■ Records shown
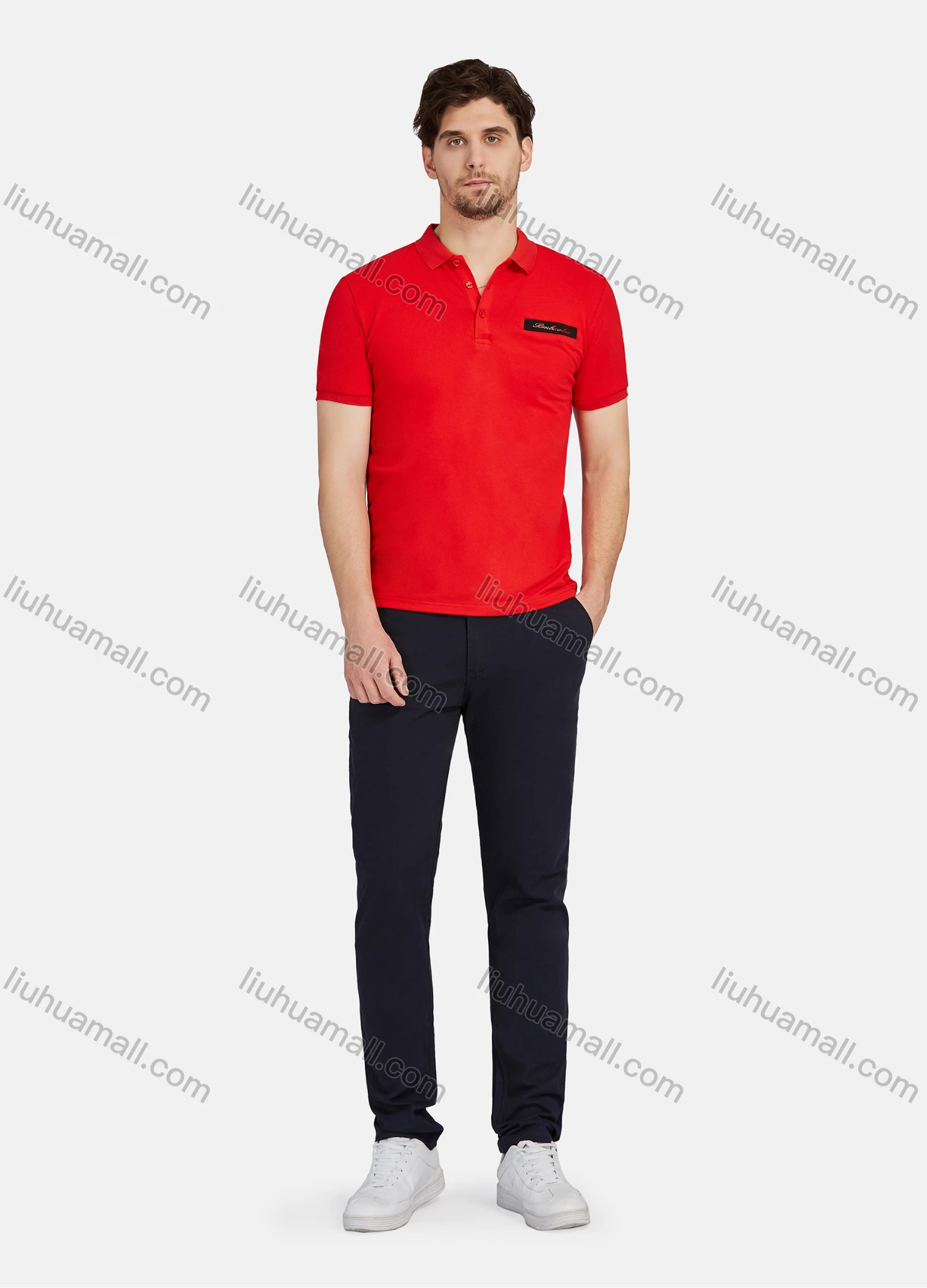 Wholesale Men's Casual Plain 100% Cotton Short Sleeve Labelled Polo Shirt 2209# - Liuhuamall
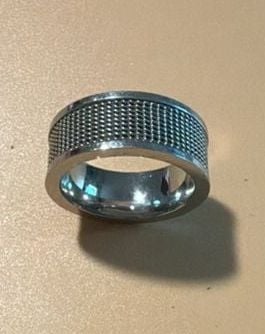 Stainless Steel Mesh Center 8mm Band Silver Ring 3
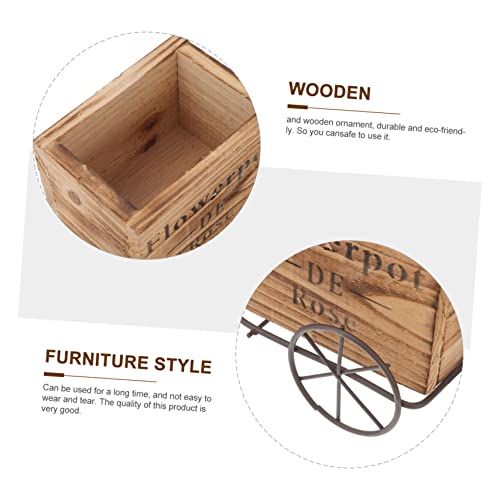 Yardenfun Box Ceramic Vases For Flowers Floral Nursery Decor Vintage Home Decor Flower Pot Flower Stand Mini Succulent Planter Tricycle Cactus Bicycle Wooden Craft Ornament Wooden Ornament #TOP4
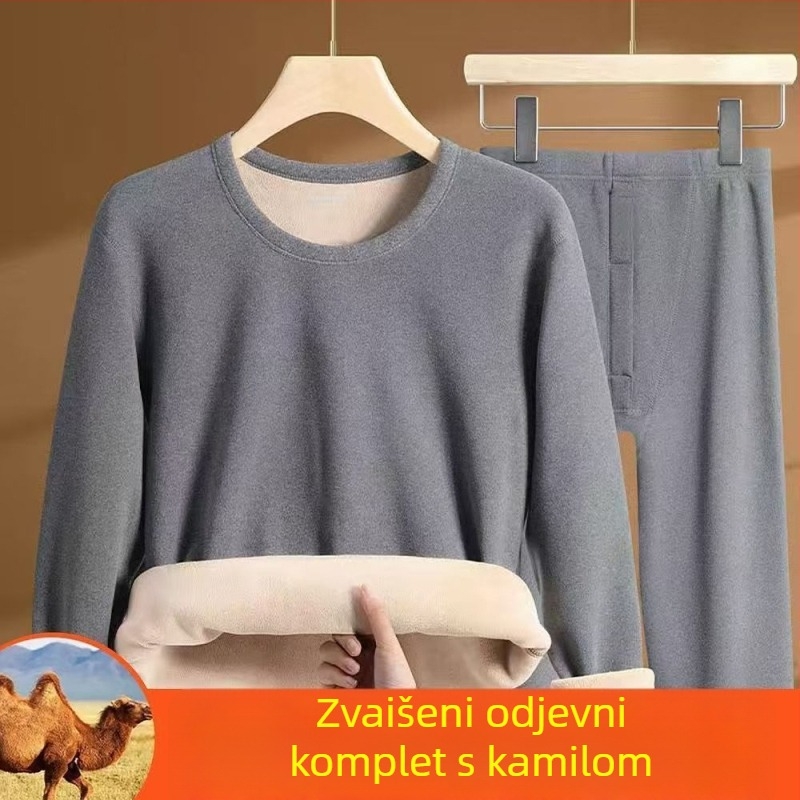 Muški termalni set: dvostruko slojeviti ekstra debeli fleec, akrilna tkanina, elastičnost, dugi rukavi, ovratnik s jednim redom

---

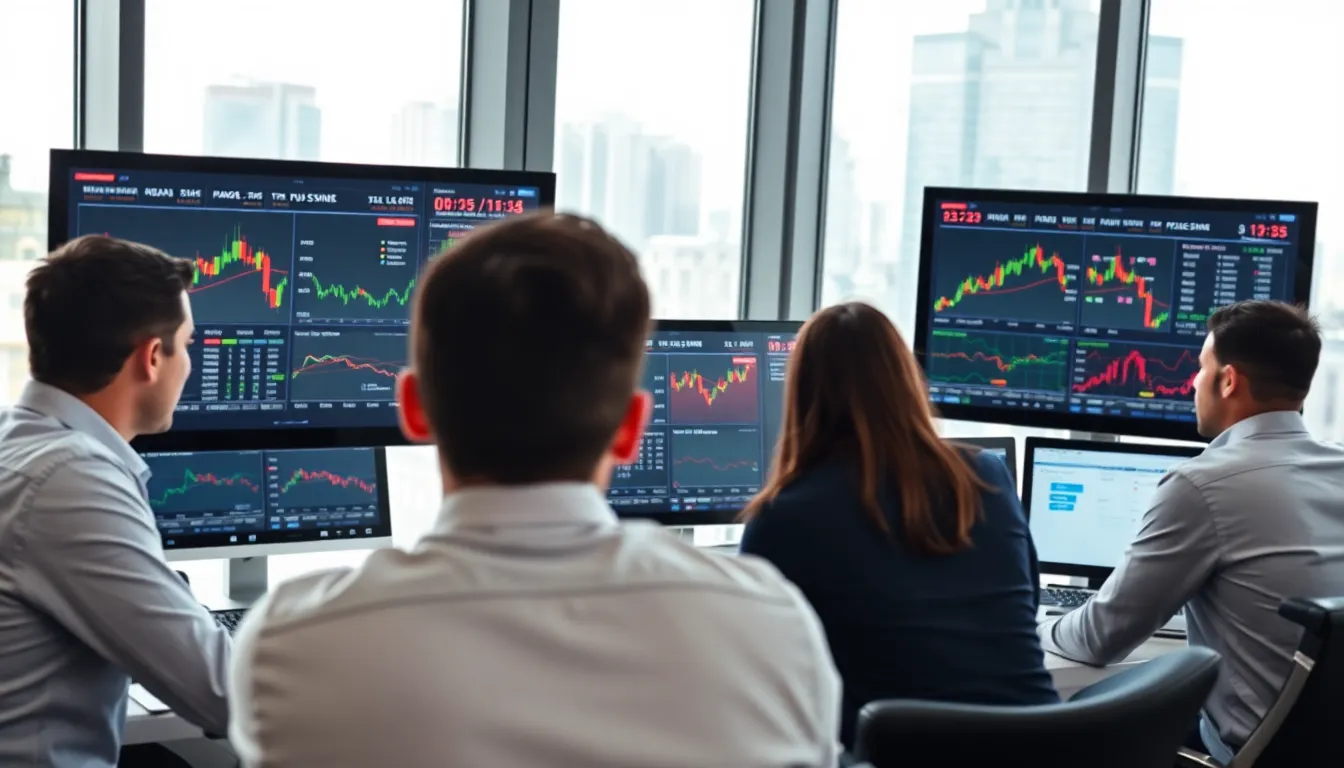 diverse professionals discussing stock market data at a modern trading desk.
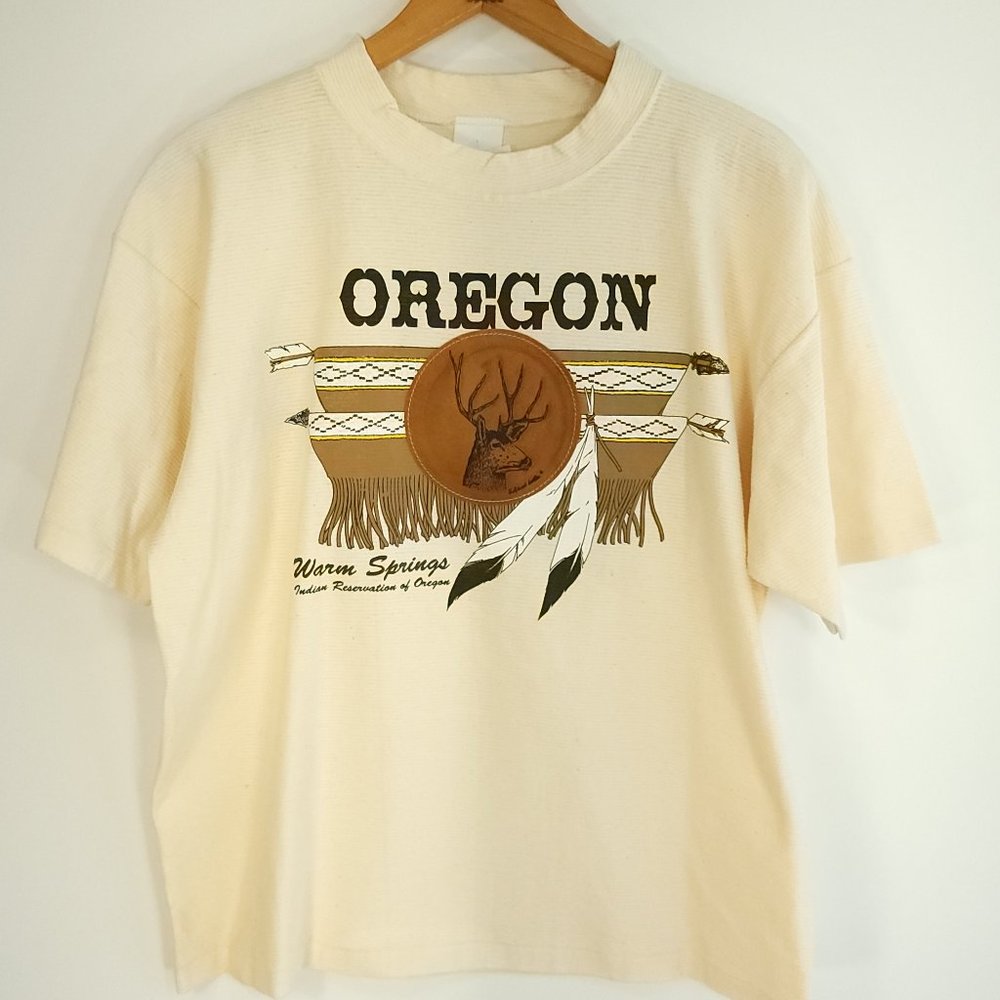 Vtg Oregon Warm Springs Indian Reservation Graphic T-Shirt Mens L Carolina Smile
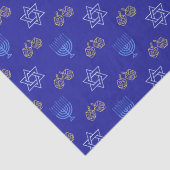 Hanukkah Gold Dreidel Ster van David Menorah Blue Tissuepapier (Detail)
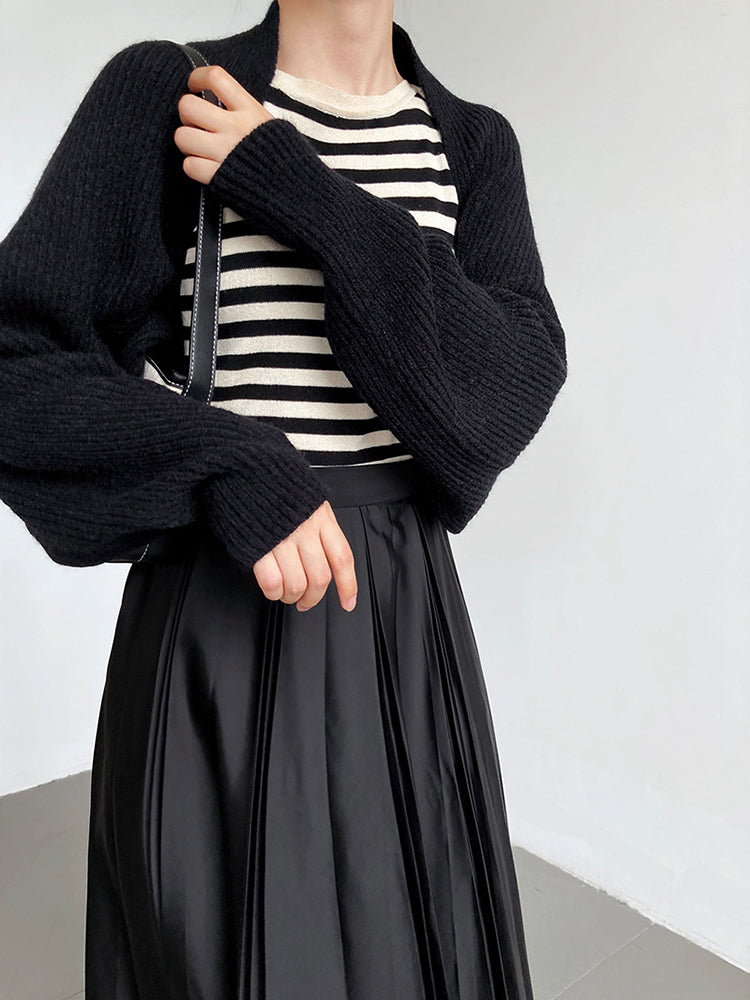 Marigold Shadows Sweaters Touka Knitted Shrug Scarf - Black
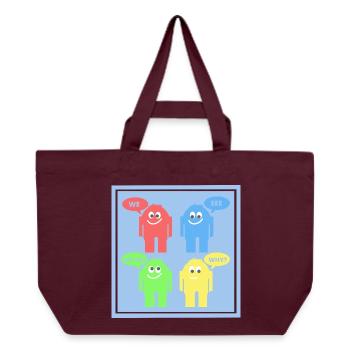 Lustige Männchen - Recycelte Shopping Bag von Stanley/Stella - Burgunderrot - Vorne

■ Task to carry out
Print, exactly and with no pictures, the lines of the listing above starting at the one that has "Hanukkah Gold Dreidel" and ending at the one that has "Lustige Männchen - Recycelte", both included.

■ Completed task
 Hanukkah Gold Dreidel Ster van David Menorah Blue Tissuepapier (Detail)
 Marigold Shadows Sweaters Touka Knitted Shrug Scarf - Black
 Lustige Männchen - Recycelte Shopping Bag von Stanley/Stella - Burgunderrot - Vorne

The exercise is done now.